In ihrem Gutachten für 2010 empfehlen Friedensforscher Verhandlungen mit allen Akteuren

Von Martin Lejeune *

Anstatt Akteure in Konflikten zu dämonisieren, sollten Anknüpfungspunkte gefunden werden. So lautet die Empfehlung des Friedensgutachtens 2010, das führende deutsche Friedensforschungsinstitute am Dienstag in Berlin präsentierten. »Die Bilanz nach fast neun Jahren Afghanistankrieg ist katastrophal«, urteilen die Gutachter einstimmig und attestieren der NATO, dass ihre »bisherige Afghanistanpolitik komplett gescheitert« sei.

Christiane Fröhlich von der Forschungsstätte der Evangelischen Studiengemeinschaft in Heidelberg fordert als vorrangiges friedenspolitisches Ziel, »die Sicherheit der Menschen in Afghanistan zu verbessern, auch wenn dies bedeutet, dass Afghanistan weniger westlich ist als gedacht«. Sofern es überhaupt noch gelinge, das Land zu stabilisieren, müssten traditionelle afghanische Machtstrukturen stärker berücksichtigt werden, auch wenn dies Abstriche bei Demokratie- und Menschenrechtsstandards bedeute.

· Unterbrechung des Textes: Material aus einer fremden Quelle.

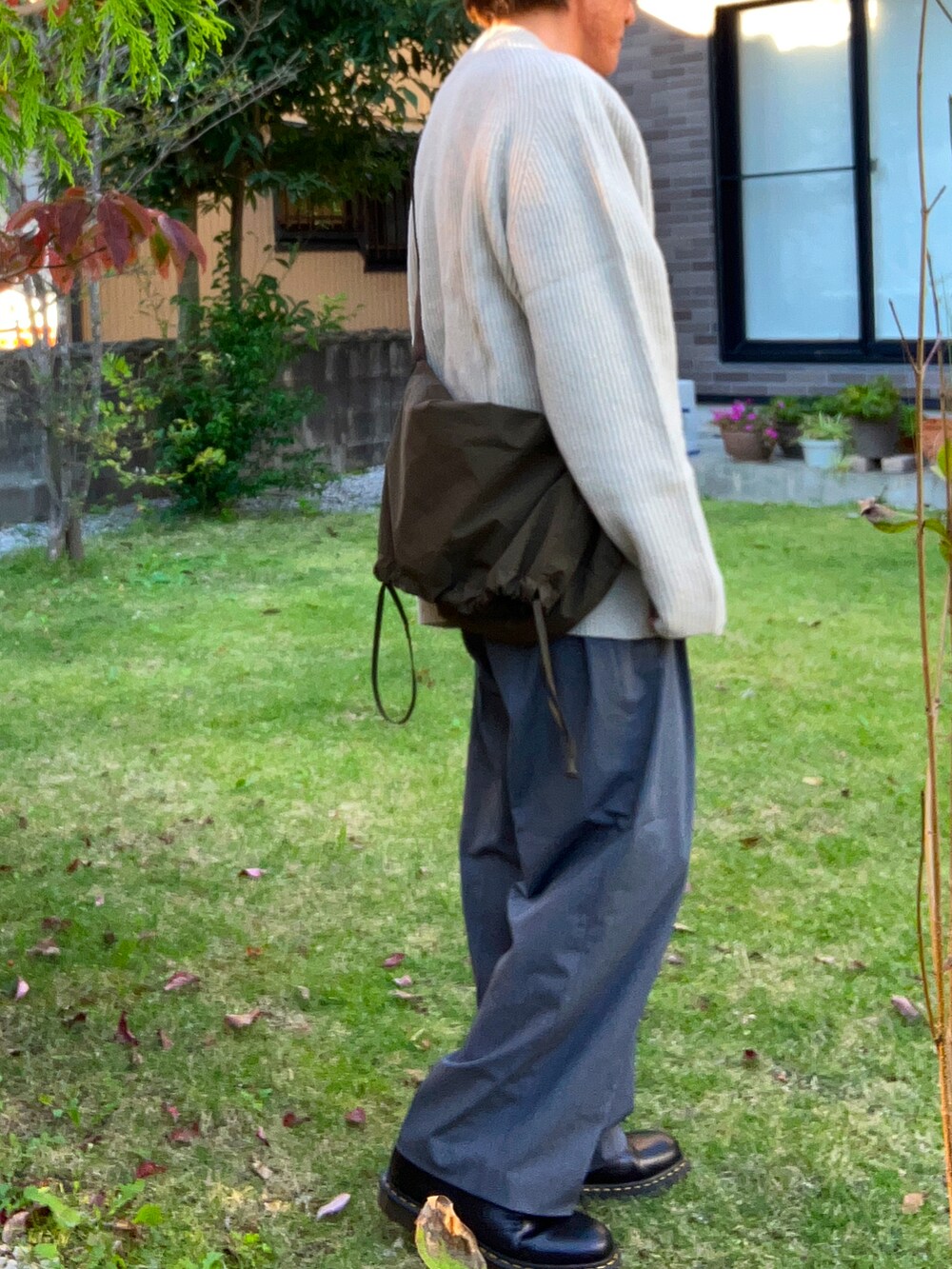 グレー系のスラックス、ベージュ系のニット/セーター、グリーン系のショルダーバッグを着用したメンズの秋コーディネートの2枚目の写真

Andreas Heinemann-Grüder vom Internationalen Konversionszentrum in Bonn ist davon überzeugt, dass der Krieg in Afghanistan militärisch nicht zu gewinnen ist. Er fordert von der NATO, dass es Verhandlungen mit Taliban-Führern gebe müsse. »Hamid Karsai will diesen Weg gehen, und der Westen sollte ihm da keine Steine in den Weg legen«, lautet Heinemann-Grüders Ratschlag. »Ansonsten wächst unsere Sorge weiterhin, dass sich die andauernden Kämpfe im Süden bei Kandahar auf den Norden um Kunduz ausweiten und jegliche Entwicklungszusammenarbeit verhindern.« Margret Johannsen vom Institut für Friedensforschung und Sicherheitspolitik an der Universität Hamburg fordert von der Friedenspolitik in Deutschland, sich mehr als bisher mit innergesellschaftlichen Kriegen zu befassen. Diese dauerten oft Jahre, forderten einen höheren Blutzoll und zerstörten die gesellschaftlichen Fundamente ohnehin schwacher Staaten. »Menschenrechte und Demokratie leiden nie so sehr wie im Krieg. Deshalb ist ein militärischer Einsatz das fatalste Mittel der Friedenspolitik«, so Johannsen.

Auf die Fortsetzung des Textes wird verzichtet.